> TO DO:
Give the data again exactly, without its images.

> COLLECTED MATERIAL:
+ + + + + + +
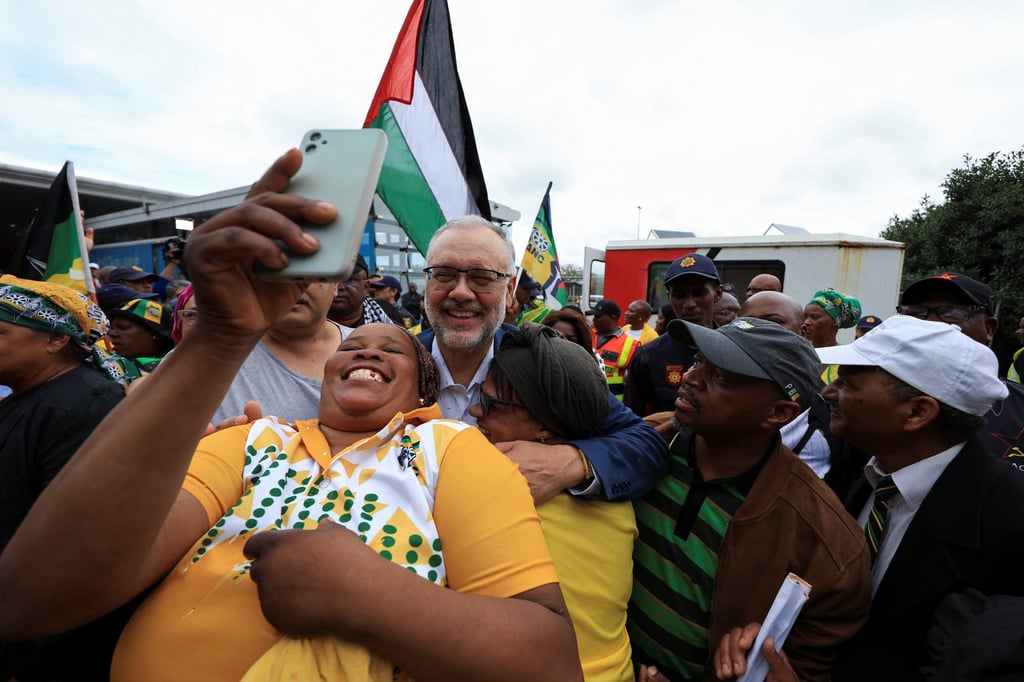 Ebrahim Rasool being welcomed in Cape Town. Photo: Reuters
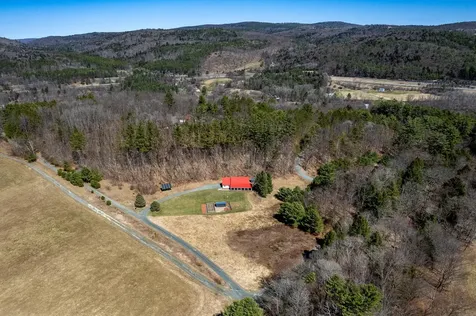 299 Handy Road Hartford VT 05001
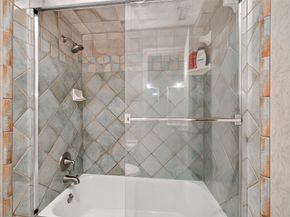 5210 Lodge Creek, Houston TX 77066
+ + + + + + +
> YOUR RESPONSE:
 Ebrahim Rasool being welcomed in Cape Town. Photo: Reuters
 299 Handy Road Hartford VT 05001
 5210 Lodge Creek, Houston TX 77066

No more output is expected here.